名付け例: 令子(れいこ)、和音(かずね)など
「令和」の引用元・万葉集にちなんだ名付けも
「令和」は日本最古の和歌集である万葉集にちなんで付けられており、引用元となった「梅花の歌三十二首の序文」にも注目が集まりました。「令和」の由来となったのはその中の一節です。
「初春の令月にして、気淑よく風和ぎ、梅は鏡前の粉を披き、蘭は珮後の香を薫す」
意味:新春の好き月、空気は美しく風はやわらかに、梅は美女の鏡の前に装よそおう白粉おしろいのごとく白く咲き、蘭は身を飾った香の如きかおりを漂わせている(国文学研究資料館より抜粋)

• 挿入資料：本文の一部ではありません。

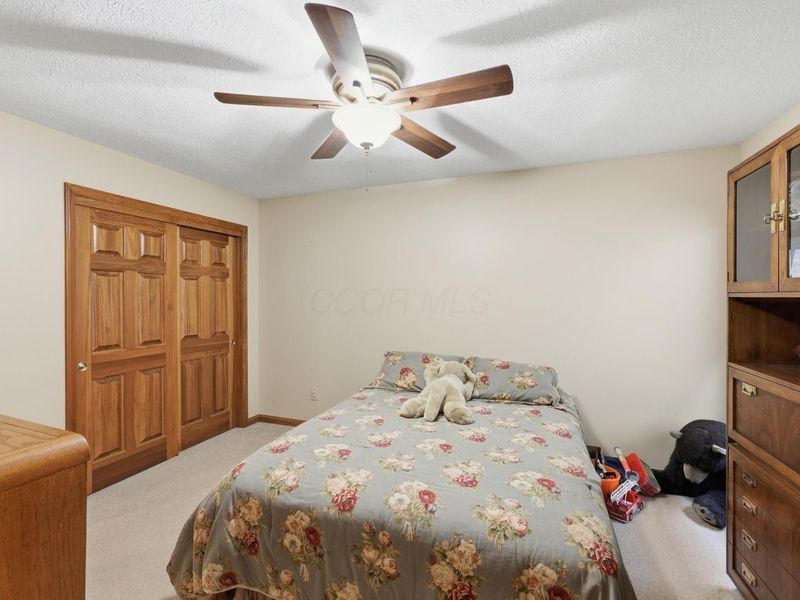 7155 Asheville Park Drive, Columbus, OH 43235 Photo 22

美しい自然や春の訪れの喜びを描写した「梅花の歌」は、令和に生まれた赤ちゃんの名付けにぴったりの和歌と言えます。万葉集の歌にちなんだ名付けは、昔から好まれてきた方法です。気に入った漢字やフレーズから引用して名付けましょう。
名付け例: 梅花(うめか)、蘭(らん)など
子どもが大きくなったときに由来を教えてあげれば、古典文学に興味を持つきっかけにもなりますよ。
綺麗な名前は宝石の和名を参考にしよう
透明感や光、色をあらわす漢字を用いた宝石の和名は、その美しいイメージから名付けでも人気。和風の名前の中でも綺麗な印象のものを探しているママパパにおすすめです。子どもの誕生石や好きな宝石の名前をそのまま引用したり、気に入った漢字を抜粋したりして名前に入れてみましょう。
宝石の和名と名付け例
翡翠(ひすい)、真珠(しんじゅ)、瑪瑙(めのう)、菫青石(きんせいせき)、水晶(すいしょう)、紅玉(こうぎょく)、琥珀(こはく)、翠玉(すいぎょく)、玻璃(はり)、瑠璃(るり)

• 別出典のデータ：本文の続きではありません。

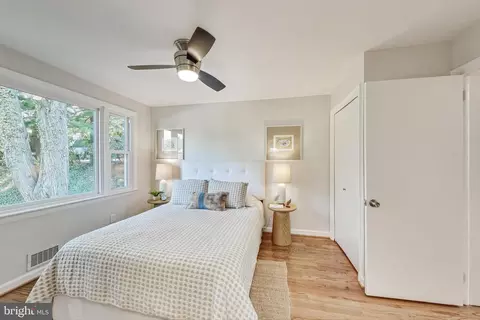 10413 Barrie Ave, Silver Spring, MD 20902 photo 6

名付け例: 真珠(まじゅ、しんじゅ)、晶(あきら)など
名付けのポイント・注意点
名付けの際にはどのようなことに気を付けるべきなのでしょうか?
名前の響き
和風な名前を考えるときは漢字の見た目や意味に注目が集まりがちですが、名前の響きが気に入ったものになるかどうかも大切です。苗字とつなげてバランスを確認したり、何度も口に出してみてどんな印象を与える響きか考えたりしてみましょう。
名前の意味
子どもにどんな人に育ってほしいのか、どんなことを願うのか、名前にはさまざまな意味が込められます。また和歌の意味やシチュエーション、動植物の名前の季語の中には、名付けにそぐわないものがあることも。和歌や季語から気に入った字を引用する場合は、引用元や漢字の意味をきちんと調べておきましょう。
姓名判断
名前の字画でその人の性格や運勢を占う姓名判断。名付けの際に気になる方は、名前候補の字画を調べて姓名判断を行ってみましょう。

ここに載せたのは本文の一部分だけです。